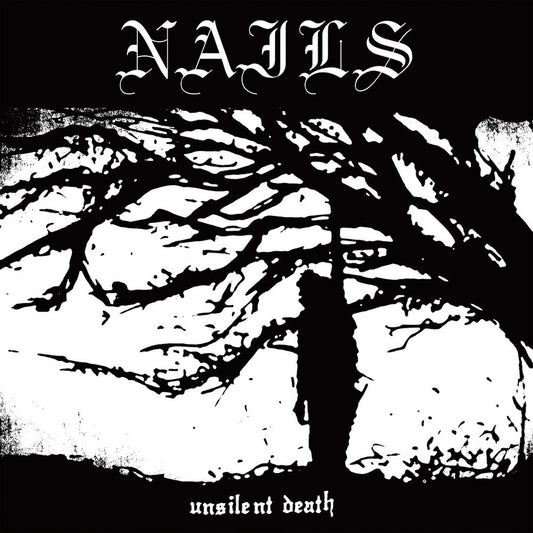 the album cover for Nails - Unslient Death [Indie Exclusive]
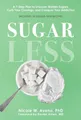 Nicole M. Avena PhD Sugarless (Gebundene Ausgabe) (US IMPORT)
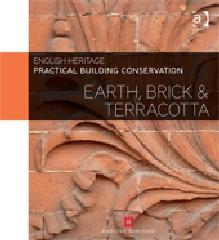 PRACTICAL BUILDING CONSERVATION "EARTH, BRICK AND TERRACOTTA"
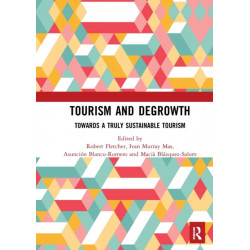 Tourism and Degrowth: Towards a Truly Sustainable Tourism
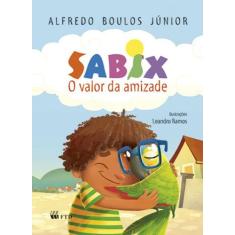 Livro - Sabix: o valor da amizade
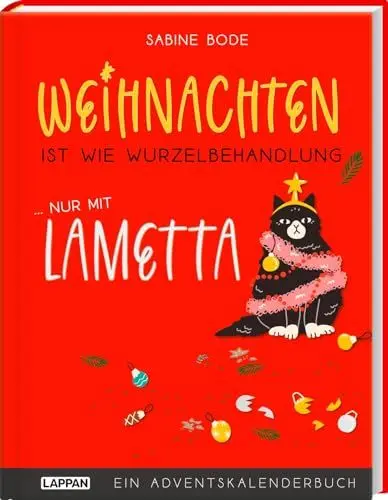 Produktbild: Weihnachten ist wie Wurzelbehandlung, nur mit Lametta: Humorvoller Adventskalender mit 24 Doppelseiten zum Auftrennen | Lustige Adventsgeschichten für die Vorweihnachtszeit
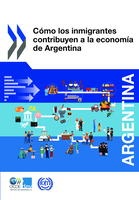 Cómo los inmigrantes contribuyen a la economía de Argentina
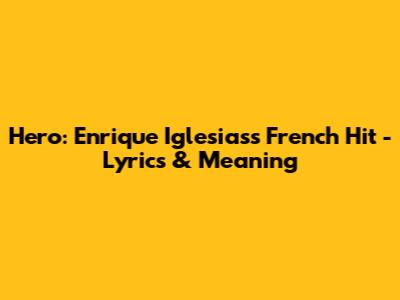 Hero: Enrique Iglesias's French Hit - Lyrics & Meaning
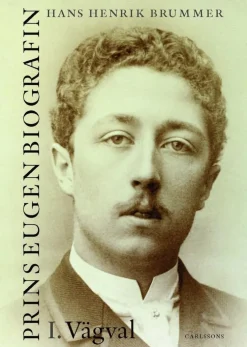 Prins Eugen. Biografin Vol 1. Vägval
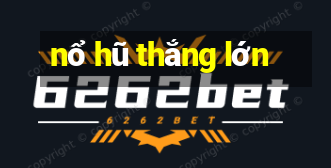 nổ hũ thắng lớn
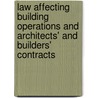 Law Affecting Building Operations And Architects' And Builders' Contracts by Sir Isaac Connell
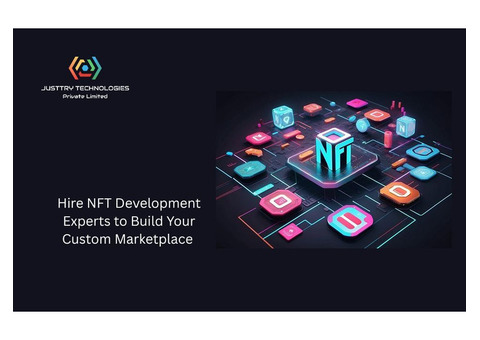 Hire NFT Development Experts to Build Your Custom Marketplace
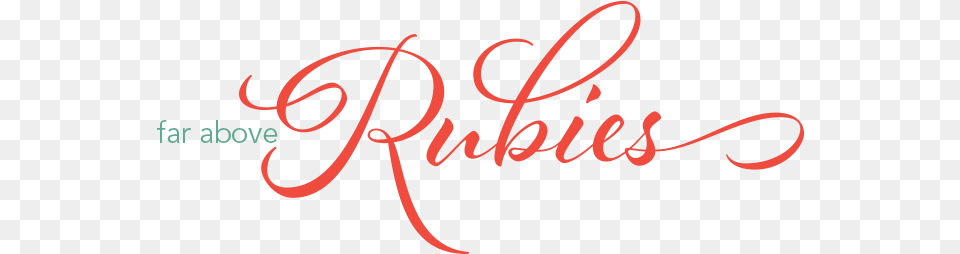 Far Above Rubies, Handwriting, Text, Calligraphy Png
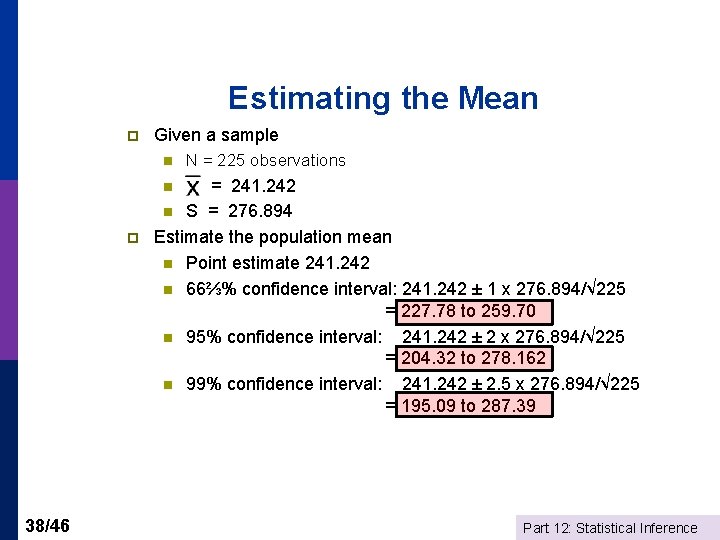 Estimating the Mean p Given a sample n N = 225 observations = 241.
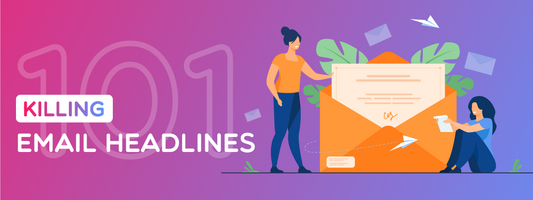 101 Killing Email Headlines Examples in 2023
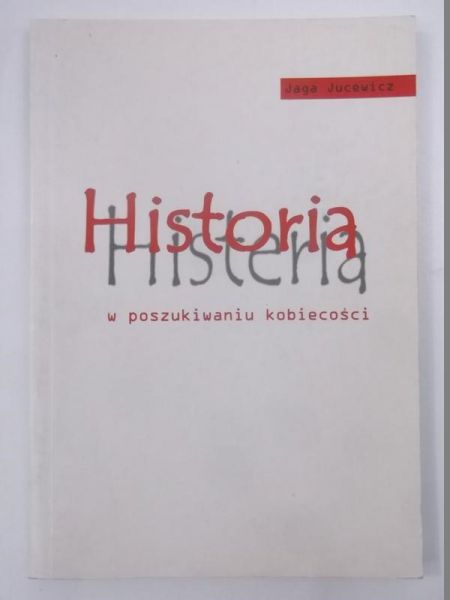Jucewicz Jaga - Historia w poszukiwaniu kobiecości
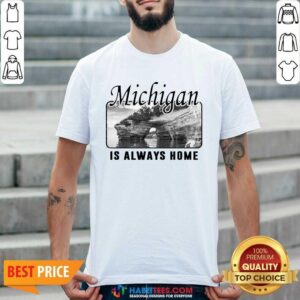 Top Michigan Is Always Home National Political Shirt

* REQUIRED ACTION *
Starting at the line containing "Livro - Sabix: o valor da amizade" and stopping at the line containing "Estimating the Mean", output every line above exactly, both ends included, with pictures omitted.

* YOUR RESPONSE *
 Livro - Sabix: o valor da amizade
 Produktbild: Weihnachten ist wie Wurzelbehandlung, nur mit Lametta: Humorvoller Adventskalender mit 24 Doppelseiten zum Auftrennen | Lustige Adventsgeschichten für die Vorweihnachtszeit
 Cómo los inmigrantes contribuyen a la economía de Argentina
 Hero: Enrique Iglesias's French Hit - Lyrics & Meaning
 Prins Eugen. Biografin Vol 1. Vägval
 nổ hũ thắng lớn
 Law Affecting Building Operations And Architects' And Builders' Contracts by Sir Isaac Connell
 Hire NFT Development Experts to Build Your Custom Marketplace
 Far Above Rubies, Handwriting, Text, Calligraphy Png
 Estimating the Mean p Given a sample n N = 225 observations = 241.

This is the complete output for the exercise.